Platelet-Derived Growth Factor (PDGF) is a protein that controls cell growth and division within the body. It functions as a signaling molecule, instructing cells to proliferate, migrate, and differentiate, processes fundamental for maintaining healthy tissues. PDGF influences both normal physiological activities and the development of certain diseases.
The Basics of PDGF
PDGF exists in different forms, or isoforms: PDGF-AA, PDGF-BB, PDGF-AB, PDGF-CC, and PDGF-DD. Each isoform binds to specific cell surface receptors: Platelet-Derived Growth Factor Receptor-alpha (PDGFR-α) and Platelet-Derived Growth Factor Receptor-beta (PDGFR-β).
These receptors are transmembrane glycoproteins with tyrosine kinase activity, primarily found on mesenchymal cells like fibroblasts, pericytes, and smooth muscle cells. When a PDGF isoform binds to its corresponding receptor, it causes the receptor to dimerize, forming homodimers (PDGFR-αα, PDGFR-ββ) or heterodimers (PDGFR-αβ). This dimerization activates the receptor’s internal tyrosine kinase, triggering intracellular signaling pathways that regulate cell proliferation, migration, and survival. PDGF is primarily produced by platelets, but other cells like macrophages, vascular smooth muscle cells, and endothelial cells also synthesize and secrete it.
PDGF’s Crucial Roles in the Body
PDGF plays an important role in the body’s natural healing and repair mechanisms. When an injury occurs, PDGF is released, attracting cells like fibroblasts and monocytes-macrophages to the wound site, essential for tissue repair. This promotes the proliferation and migration of these cells, accelerating the formation of extracellular matrix and collagen, reducing healing time. Studies indicate that PDGF can increase the healing rate of chronic wounds by up to 30%.
PDGF is also involved in the formation and maintenance of blood vessels, processes like angiogenesis and vasculogenesis. PDGF-BB, for instance, recruits pericytes and vascular smooth muscle cells to newly formed endothelial tubes, contributing to vessel maturation and stability.
PDGF also contributes to embryonic development, influencing the growth and differentiation of various tissues and organs. PDGFR-α signaling is necessary for interstitial cell proliferation in the embryonic testis and kidney, and for mesenchymal proliferation in the early stages of intestine, skin, and lung development. PDGF-C is also involved in the development of the neural tube and neural crest cells.
When PDGF Goes Awry
Dysregulation of PDGF signaling contributes to various pathological conditions. In cancer, overexpression of PDGF or its receptors can lead to uncontrolled cell growth, tumor formation, and metastasis. PDGF can promote tumor growth by stimulating angiogenesis, the formation of new blood vessels that supply tumors, and by directly promoting cancer cell proliferation and migration. This has been observed in various cancers, including glioblastoma, sarcomas, and breast cancer.
PDGF also plays a role in fibrotic diseases, characterized by excessive scar tissue formation. In conditions such as pulmonary fibrosis, liver cirrhosis, and kidney fibrosis, PDGF drives the proliferation of fibroblasts and the deposition of extracellular matrix, leading to tissue hardening and organ dysfunction. Increased expression of PDGFR-α and PDGFR-β on myofibroblasts amplifies the fibrotic response to PDGF.

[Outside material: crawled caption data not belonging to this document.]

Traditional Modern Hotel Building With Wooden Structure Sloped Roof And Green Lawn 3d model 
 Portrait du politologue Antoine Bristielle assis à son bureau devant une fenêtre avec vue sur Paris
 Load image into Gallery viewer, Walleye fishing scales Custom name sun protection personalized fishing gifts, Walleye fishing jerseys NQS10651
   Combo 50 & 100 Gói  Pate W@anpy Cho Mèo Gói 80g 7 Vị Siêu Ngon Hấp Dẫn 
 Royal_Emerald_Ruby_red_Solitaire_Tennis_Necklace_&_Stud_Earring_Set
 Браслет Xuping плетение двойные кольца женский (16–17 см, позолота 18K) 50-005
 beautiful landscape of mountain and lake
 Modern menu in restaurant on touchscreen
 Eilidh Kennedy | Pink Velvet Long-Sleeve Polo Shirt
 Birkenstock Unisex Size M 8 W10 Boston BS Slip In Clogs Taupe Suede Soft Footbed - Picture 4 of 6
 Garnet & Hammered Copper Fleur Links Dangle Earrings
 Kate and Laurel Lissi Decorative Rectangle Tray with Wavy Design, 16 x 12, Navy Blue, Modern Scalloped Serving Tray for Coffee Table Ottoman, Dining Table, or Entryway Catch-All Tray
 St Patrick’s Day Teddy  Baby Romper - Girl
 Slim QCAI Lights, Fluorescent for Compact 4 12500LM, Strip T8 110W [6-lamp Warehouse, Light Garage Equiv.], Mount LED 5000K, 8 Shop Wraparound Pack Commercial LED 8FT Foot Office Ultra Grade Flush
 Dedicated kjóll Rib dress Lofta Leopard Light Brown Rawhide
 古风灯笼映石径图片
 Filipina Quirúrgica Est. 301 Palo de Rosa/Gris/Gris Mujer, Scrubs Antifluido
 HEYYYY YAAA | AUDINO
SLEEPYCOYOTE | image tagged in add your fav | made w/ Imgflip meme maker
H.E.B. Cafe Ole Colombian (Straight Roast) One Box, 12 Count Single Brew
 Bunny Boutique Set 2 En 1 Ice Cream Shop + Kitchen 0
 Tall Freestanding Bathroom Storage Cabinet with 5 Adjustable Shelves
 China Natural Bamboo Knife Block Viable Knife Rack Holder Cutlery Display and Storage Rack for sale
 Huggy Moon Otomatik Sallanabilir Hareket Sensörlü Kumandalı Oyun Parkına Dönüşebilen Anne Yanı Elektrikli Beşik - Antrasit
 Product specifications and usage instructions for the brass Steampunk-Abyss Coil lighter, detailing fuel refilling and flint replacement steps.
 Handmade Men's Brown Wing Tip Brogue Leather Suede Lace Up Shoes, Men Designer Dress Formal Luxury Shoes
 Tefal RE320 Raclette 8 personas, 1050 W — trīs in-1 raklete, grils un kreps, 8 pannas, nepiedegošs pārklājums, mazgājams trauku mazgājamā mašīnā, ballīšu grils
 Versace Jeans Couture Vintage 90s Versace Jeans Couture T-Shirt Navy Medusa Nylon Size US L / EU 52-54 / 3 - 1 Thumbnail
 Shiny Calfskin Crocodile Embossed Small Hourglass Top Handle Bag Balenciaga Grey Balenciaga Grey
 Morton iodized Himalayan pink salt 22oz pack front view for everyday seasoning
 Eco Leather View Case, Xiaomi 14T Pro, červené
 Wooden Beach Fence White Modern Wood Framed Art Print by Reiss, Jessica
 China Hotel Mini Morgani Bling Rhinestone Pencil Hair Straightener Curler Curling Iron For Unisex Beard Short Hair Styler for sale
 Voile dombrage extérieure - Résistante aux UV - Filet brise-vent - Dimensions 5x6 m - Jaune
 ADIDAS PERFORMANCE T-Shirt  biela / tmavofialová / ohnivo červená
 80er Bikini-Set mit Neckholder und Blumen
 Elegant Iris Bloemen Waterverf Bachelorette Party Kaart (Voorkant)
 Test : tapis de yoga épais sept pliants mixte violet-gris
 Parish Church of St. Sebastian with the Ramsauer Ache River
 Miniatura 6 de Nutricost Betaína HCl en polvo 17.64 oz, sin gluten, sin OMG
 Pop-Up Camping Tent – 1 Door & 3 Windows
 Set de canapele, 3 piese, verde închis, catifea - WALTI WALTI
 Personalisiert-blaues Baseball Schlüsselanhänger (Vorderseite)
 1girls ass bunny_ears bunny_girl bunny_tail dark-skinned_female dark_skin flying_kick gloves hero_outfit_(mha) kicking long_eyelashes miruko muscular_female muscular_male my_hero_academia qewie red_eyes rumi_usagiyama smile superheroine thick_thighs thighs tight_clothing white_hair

PDGF contributes to the development of atherosclerosis, where plaque builds up inside arteries. PDGF’s mitogenic properties stimulate the proliferation and migration of vascular smooth muscle cells, which accumulate within forming lesions, contributing to plaque expansion. Elevated levels of PDGF have been found in atherosclerotic lesions, with macrophages and smooth muscle cells serving as sources of PDGF in these plaques.
Harnessing PDGF for Medical Treatments
Understanding PDGF’s role in various biological processes has opened avenues for medical treatments. Recombinant human PDGF (rhPDGF), specifically PDGF-BB, is used therapeutically to promote healing in chronic wounds, such as diabetic foot ulcers. This application leverages PDGF’s ability to stimulate cellular migration, proliferation, and subsequent matrix formation, accelerating the wound healing process. The U.S. Food and Drug Administration (FDA) has approved rhPDGF for the repair of periodontal defects.
In addition to direct therapeutic uses, PDGF signaling pathways are targets for drug development, particularly in cancer and fibrotic conditions. Drugs that inhibit PDGFR tyrosine kinase activity, such as imatinib and sunitinib, are used to block aberrant PDGF signaling that drives uncontrolled cell growth and proliferation in certain cancers. These inhibitors can reduce tumor growth and metastasis by targeting PDGFRs on cancer cells, vascular cells, and stromal cells within the tumor microenvironment. For fibrotic diseases, targeting PDGFR-β has shown promise in reducing fibrotic progression, as seen with drugs like nintedanib for idiopathic pulmonary fibrosis.